Desde este punto de vista, es descorazonador afanarse en defender una idea o programa y pretender que llegará a algo, ya que irremediablemente se irá desinflando por el camino hasta que sus aristas se consideren cosmética. Así, las llamadas a parar el fascismo de antaño se han repetido tanto que, como en el cuento del lobo, no tienen ahora ningún sentido, y no porque el fascismo se haya debilitado, sino porque tiene otra forma y no encaja en los viejos mantras. Lo que ha quedado de esta labor frentepopulista y austera es todo lo contrario: un subproducto descafeinado en el contenido y lustroso por el aspecto, pues muchos de los herederos del maquis (es un decir) se dejan los ideales y formas en cuanto pisan moqueta.

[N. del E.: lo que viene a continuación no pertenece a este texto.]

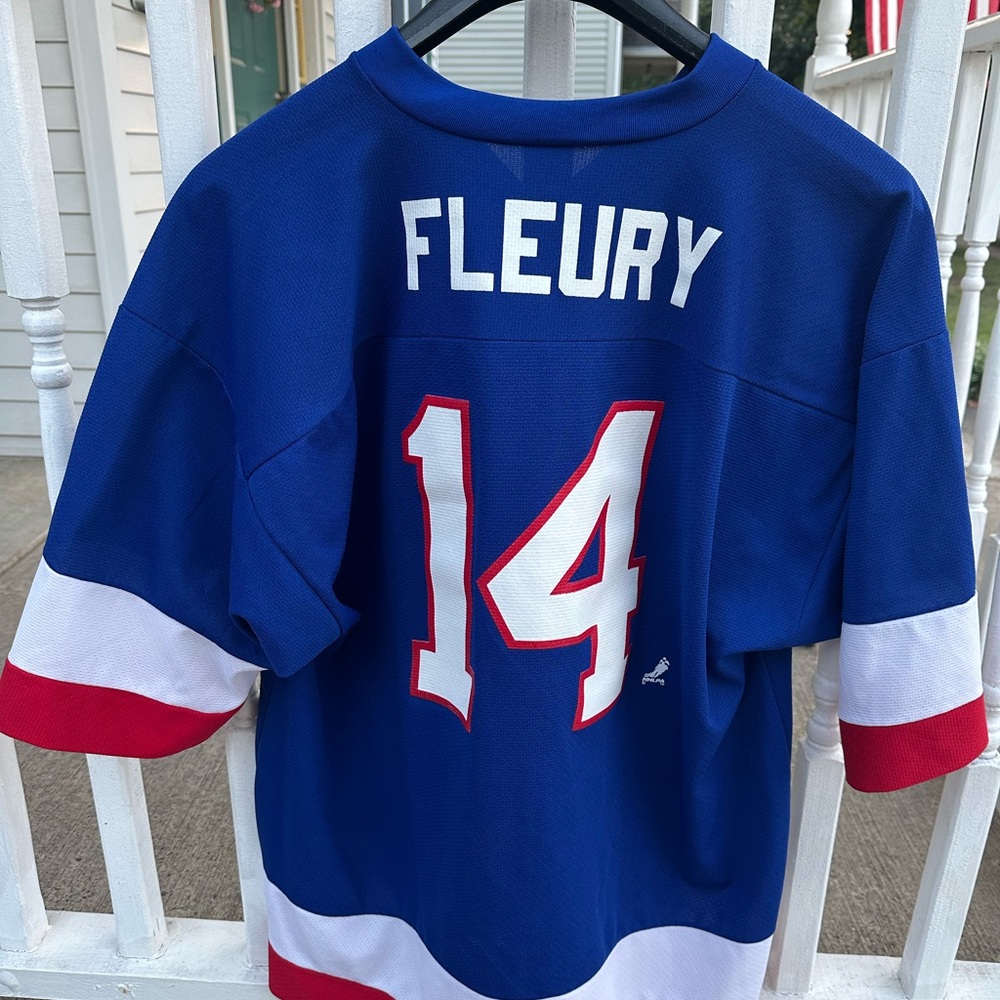 Vtg Logo 7 Men Theoren Fleury #14 New York Rangers Ice Hockey Team Size XL , USA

Por este motivo, esas finales a vida o muerte con elecciones a doble vuelta para ganar suspense se han convertido en deporte de élite, en puro entretenimiento para esos espectadores que, con la ilusión egoísta de influir en el resultado, disfrutan del toma y daca y esperan un premio a cambio. Se trata de un ansia ludópata más que legítima, pues al igual que esos jugadores tan enfrascados que apuestan lo mismo a la Champions que a las carreras de galgos, ya no nos contentamos con enzarzarnos con los políticos de nuestro patio, por eso nos implicamos a cara de perro contra el Milei de turno o contra Bolsonaro, o Trump, el peso pesado más destacado de los contemporáneos, aunque ha habido combates de similar pegada como el Chirac-Le Pen de hace unos años, los suficientes como para que el candidato fuese el padre de la actual, que tiene a su vez un epígono en la Italia de Giorgia Meloni, y podríamos seguir así hasta las tantas, jugando con ese afán compulsivo que retrató Dostoievski en una novela corta en la que hablaba del juego cuando deja de ser entretenimiento.
Ya al final del camino, cuando se está en el gobierno, la maquinaria ha debilitado a los desbocados y aupado a los tibios de buena fe, a los que encajan con el espíritu de las leyes y están dispuestos a reforzarlas. Dan igual el color y el lado: en España la pseudoizquierda que no frena nada presume de ciertas medidas que no son más que papel mojado, pues lo de subir sueldos y bajar horas ya dependía de los convenios que se arrancaron a golpe de huelga y palos. Quedan de fondo los lemas, que al menos sirven para alegrar a los simples. No es patrimonio patrio: en la Inglaterra desubicada y zafia de este principio de siglo, poner a un racializado en Downing Street no solo no significa nada, sino que sus correligionarios ya no respaldan sus coqueteos con el fascismo de antes, por eso tratan de conducirlo por la vereda del conservadurismo nuevo a golpe de encuestas y titulares. Y como última pincelada, la gran esperanza para frenar el fascismo argentino es una nueva dosis de peronismo, la marca blanca de la derecha fascistizada de aquel país que ayudó tanto a Franco y a los huidos nazis tras la Segunda Guerra Mundial.
Estamos perdidos, pero no tanto. Puede que el libre albedrío haya sido siempre un elemento ficticio y ya éramos Sísifo mucho antes de la modernidad y del algoritmo, subiendo piedra hasta la cima del precipicio, y luego vuelta a empezar. Sabiéndolo de antemano, podemos poner el piloto automático o, como Prometeo, robar el fuego y disfrutar de los sobresaltos.